President Brian Conroy says: "We are passionate about giving our clients both choice and value and these changes will even better align our services directly to their needs and expectations."
The fund giant says it will work with all its clients over the coming months to discuss and implement the changes.
Reaction has been broadly positive so far, with Cass Business School professor of asset management Andrew Clare calling it a "great leap forward" and saying he "hopes it will lead to more investor choice in the future".
"Our 2014 analysis said there should be some demand for this from investors, and they aren't getting a choice at all," he adds. "At a minimum you'd expect large companies with fairly stable cash flows to be able to take the chance to offer something different. If Tesco only sold sliced white bread, you'd go somewhere else. It's a great move for investor choice and we hope other asset managers follow suit.
"Not every investor will want a symmetric base fee and not every manager will want to offer it, but large fund managers running lots of funds should be able to offer it as a choice to their investors."
"Everywhere else in life if you received substandard performance, you either don't go back or expect some money back," he added. "The industry needed one organisation to take a brave step forward, and Fidelity has done that."
Lack of detail
Punter Southall head of manager research Katherine Lynas, whose firm advises medium-sized pension schemes, says the framework aligns the investors' interests better than existing flat charges.
However, she does not think it will be widely adopted by other managers, because it is so difficult to communicate. "This is what Fidelity has gotten wrong this time round as it hasn't yet given advisers and investors a lot of detail to be able to assess the model properly to say whether it's a good idea or not."
Just like fixed fees, performance fees and fulcrum fees can be good or bad value for money; it depends on the level they are pitched at, and the specific fund in question.
"We also have to be very careful about using this model for all managers, because if the manager is underperforming, that pressure to outperform may make them increase level risk in the portfolio," says Lynas.
"As long as the structure around it is robust, and as long as you strip away the fact the communication has not been ideal, then I think what they're trying to do is really positive."
Orbis Investments head of UK Dan Brocklebank, whose firm adopted fulcrum fees in 1990, says although they can suit investor preferences, one drawback is where they are calculated back over the past three years.
"The three-year look-back period does mean that this is not perfectly aligned for all investors but, assuming investors come in with a long enough horizon, this should not be an issue over the full investment cycle.
"The other advantage is that this is likely to be more stable and predictable than fee structures that are calculated over shorter time periods.
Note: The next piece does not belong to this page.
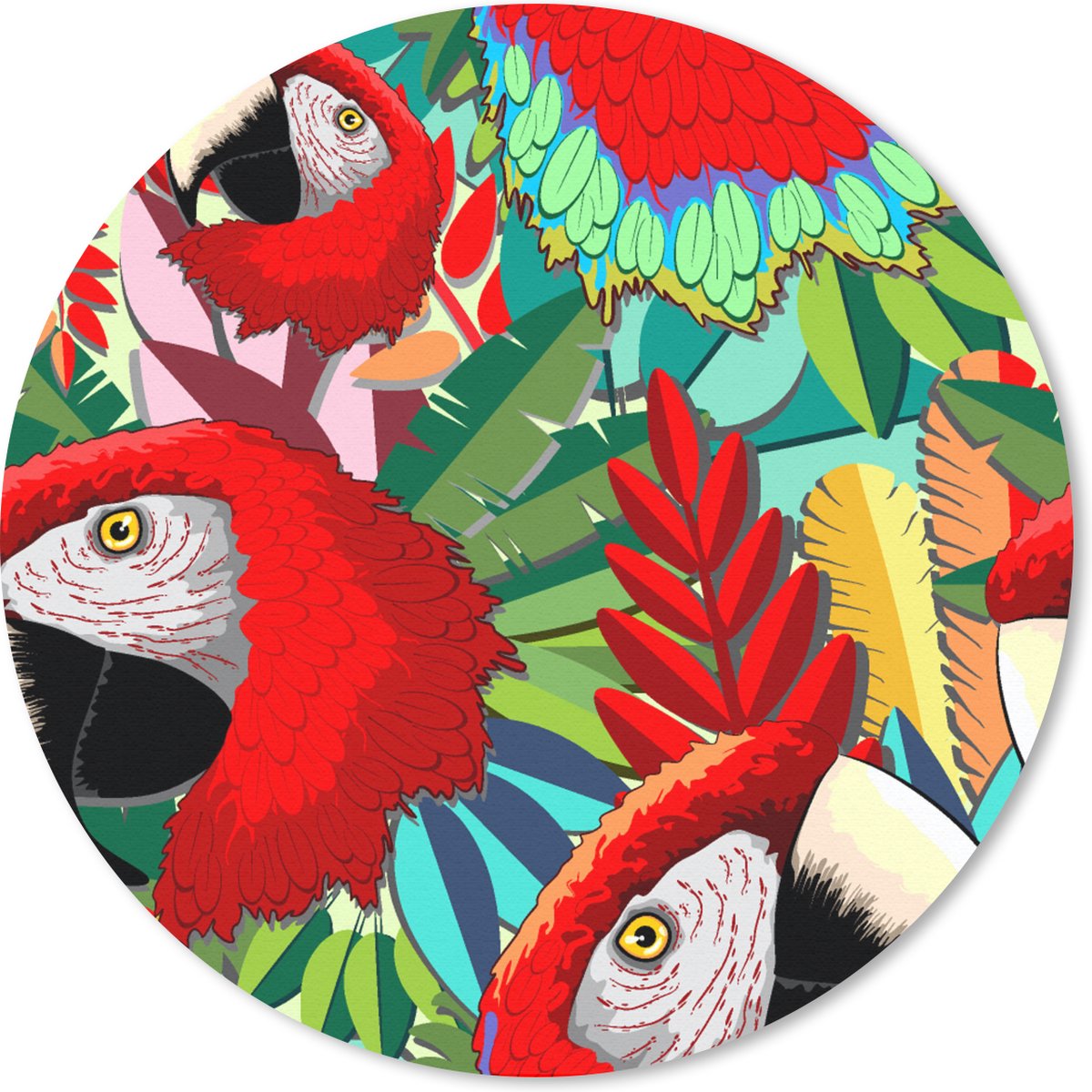 Muismat - Mousepad - Rond - Jungle - Papegaai - Vogels - Design - 30x30 cm - Ronde muismat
So you get some linkage to performance (which is good) but it's not perfectly direct but you get some stability and predictability to offset that weakness," he adds.
A perfect fee model?
Despite the lack of detail over Fidelity's new model, it has certainly put new life into the debate over charging structures at a time when the value for money debate is rife.
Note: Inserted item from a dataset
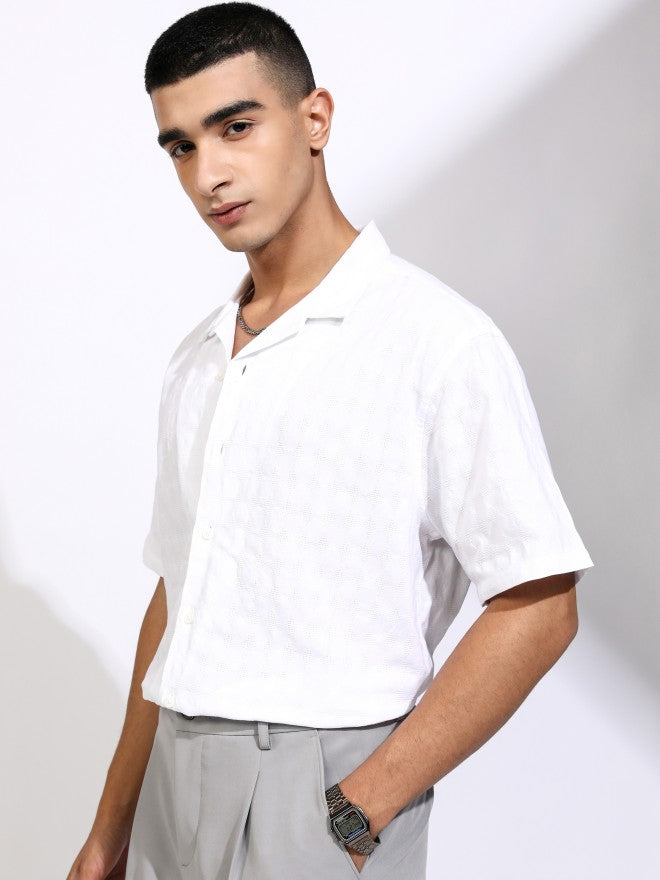 Highlander Men White Textured Relaxed Fit Casual Shirt - White - Image 4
"Even if it's not a perfect symmetrical structure, it's different and has some symmetry in it," says Clare.
There is probably no such thing as a ‘perfect' fee structure, and it is hard to get the right balance.
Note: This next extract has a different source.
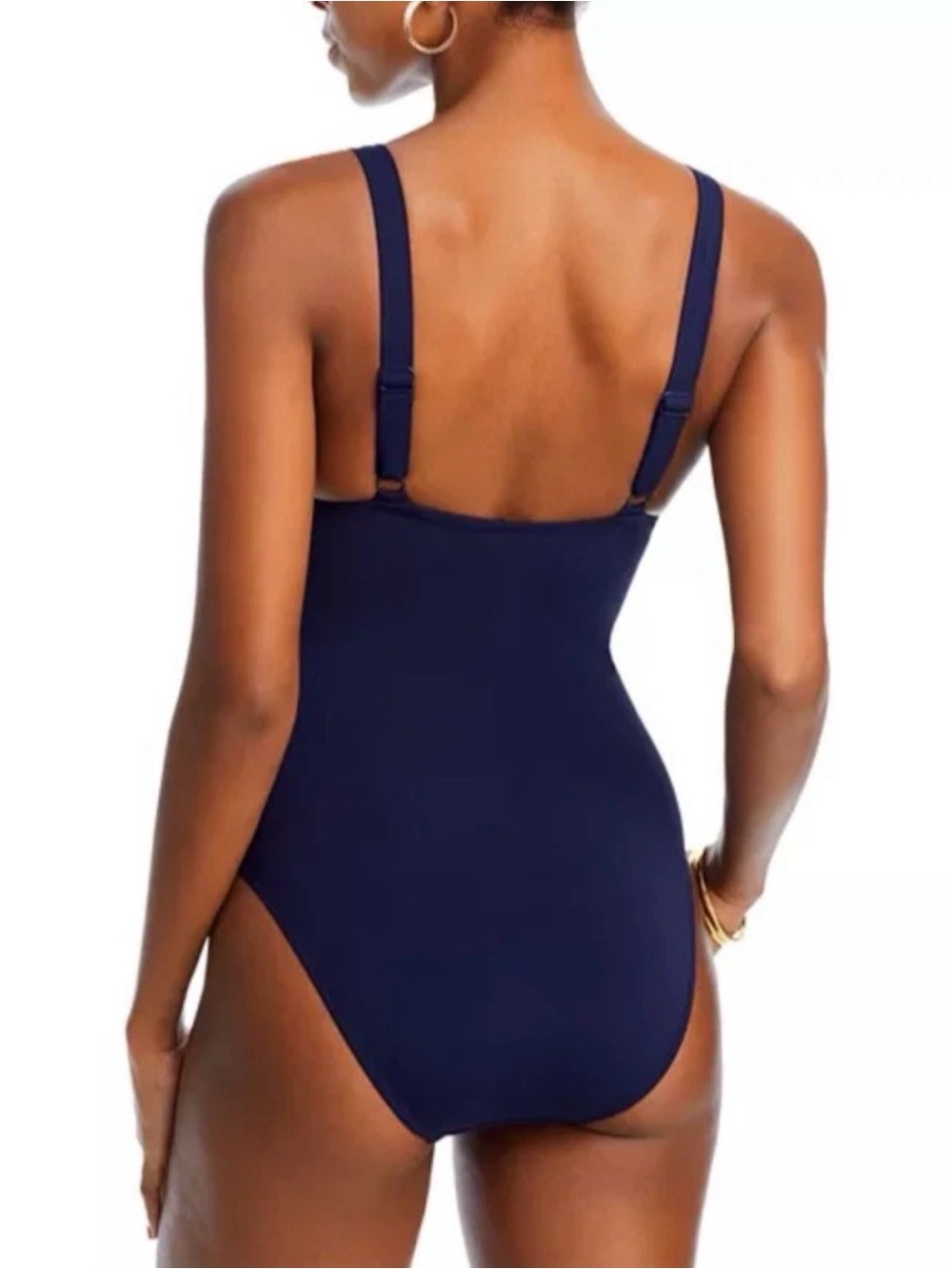 Robin Piccone Ava Plunge Neck Tie-Front One Piece Swimsuit Size 14 - Picture 2 of 8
Orbis's own structure has evolved in response to its clients' needs. In 2004 it lowered its base fee and introduced a share ratio with a refund mechanism where fees are put into a reserve fund and refunded if managers outperform and then underperform. This is to prevent managers loading up on risk, having one great year, charging a performance fee, and then in years two and three they may end up underperforming. Then, three years ago the manager reduced the base fee to zero, so it is only paid performance fees now.
In reaction to Fidelity's announcement there has been concern that symmetric fees are complicated to understand and compare with other fees.
More complexity should not be a barrier to changing an industry norm, Lynas says. "Any difference brings to lights failings in one method versus another method, so it helps to compare and contrast. It may create a bit more work for us, but the outcome will be better for the investor."
One wonders why it has taken so long for a major asset manager to break the mould?
Clare says: "The investment consultants help pension funds put downward pressure on the fee model to get lowest fixed fee, but what they haven't had is the imagination to move away from fixed AuM fee and make it symmetric."
For Lynas, it is a case of medium-sized pension schemes not having the governance time to get into this kind of nitty gritty detail.
"We talk to managers about different fee models and pricing structures, but without the weight of our clients' wish behind us, it's difficult to get those implemented."
There are many unanswered questions around Fidelity's model but it should be praised for moving to better align its interests with its clients. While its competitors are unlikely rush to offer symmetric fees anytime soon, it has reignited the debate and gives pension funds fresh ammunition when negotiating fees with fund managers.